The Deadfire Post-Postmortem

Since the video of my Digital Dragons postmortem for Deadfire went up, I’ve seen a few questions and comments that I think are worth addressing. If you haven’t seen the video yet, you can find it here:

First, it’s worth saying that this talk was only supposed to be 45 minutes, with ~15 minutes left for questions. I overran the 45 minute mark, so please understand that I couldn’t address every criticism people leveled at the game. I tried to talk about the things that came up most frequently in player and reviewer feedback.

1) Do you think the open world nature of the game contributed to the story/plot/pacing feeling weak?


Yes. I made the choice to make the game more open and knew that would impact how tight the story and its pacing would feel. However, even with that choice being made, I still could have done a better job with structuring and pacing the critical path.

For a while, we had a hard limit on where the Defiant could go in the archipelago. The in-story justification was that the Defiant was damaged and needed expensive repairs that you needed to raise money for. It could only move in the shallows, which comprised about 1/5 of the total map, encompassing Maje Island, Neketaka, Fort Deadlight, the Woedica pyramid, and some other places. We removed that, but we weren’t really doing anything with that restriction, story-wise, other than preventing the player from sailing from Port Maje to Hasongo without stopping at Neketaka.

I don’t have hard data for this, but I haven’t seen much anecdotal evidence that many/any players actually make that skip on their first playthrough. I think whether we (for example) forced the player to funnel through Neketaka/the palace before going to Hasongo is less important to the pacing of the story than disconnection between the factions and Eothas.

Re-working those plot elements may have required explicitly gating the player in the same way that the trial at the end of Act 2 creates a high-drama gate before going to Act 3, but then we’re really going back to the core issue, which was two disconnected plotlines.

Maybe this seems like an evasion, but I’m trying to explain that the plot was not conceived as disconnected to support the game being more open. The game was actually more closed during development. We did gate the player until we realized that the plot didn’t demand it. One could say, “Then why didn’t you change it then?” Because I made a mistake. That’s why I cited the plotting and pacing, not the open nature of the game, as the bigger issue. If the story had demanded more restriction and the pacing felt solid because of it, maybe I would have erred on the side of more restrictions.

And while a weak story is almost purely a negative for players, the map being almost entirely open does have positive aspects, that being the freedom to explore. Was it worth the trade off?

tumblr_inline_psw8voZjjM1ri73pi_640.png

It doesn’t seem like it, no.

2) Why wasn’t the Penetration system discussed?


Considering the broad nature of the postmortem, the Penetration system seemed like too fine a point to discuss in detail. The systems aren’t easy to talk about in less than a couple of minutes, and a couple of minutes would have pushed me past the time limit.
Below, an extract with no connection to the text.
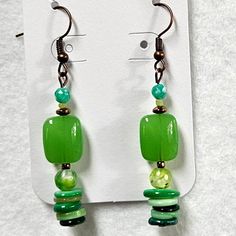 J109 Handmade Beaded Green, Bronze Dangle Earrings Brand New Design! This Is A Listing For A Live Show. Please Watch The Live Show For More Information. Green Dangle Jewelry With Large Beads, Jade Beaded Earrings For Jewelry Making, Green Beaded Dangle Earrings With Large Beads, Green Large Beaded Dangle Earrings, Jade Beaded Drop Earrings, Adjustable Green Beaded Earrings With Large Beads, Czech Glass Beaded Earrings With Dangling Beads, Dangle Czech Glass Beaded Earrings, Dangle Beaded Earrings With Czech Glass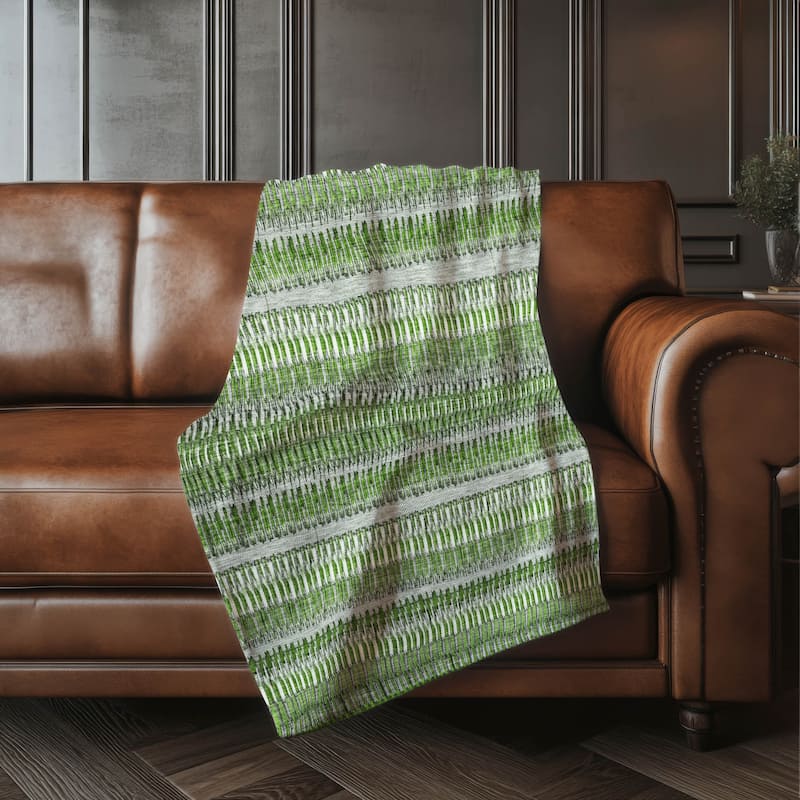 Premium Machine Washable Geo Stripes Sherpa Throw Blanket - Green - 4'2" x 5'10"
Also, in the end, it seems like more players ultimately preferred Penetration to the previous DT system.

I’d like to step back to talk about something at a higher level, which is vertical progression in RPGs. Most RPGs/CRPGs focus on the vertical progression of numbers: damage, hit points, armor values, resistances, etc.

These numbers feed into formulae to produce a range of outcomes. The more inputs a number has and the wider the range of values on those inputs, the more quickly the formulae start to break down. This is why MMORPGs often abstract values and do arcane under-the-hood adjustments or go through periods of “squish” where all of the numbers get recalibrated/normalized (in the case of WoW, both).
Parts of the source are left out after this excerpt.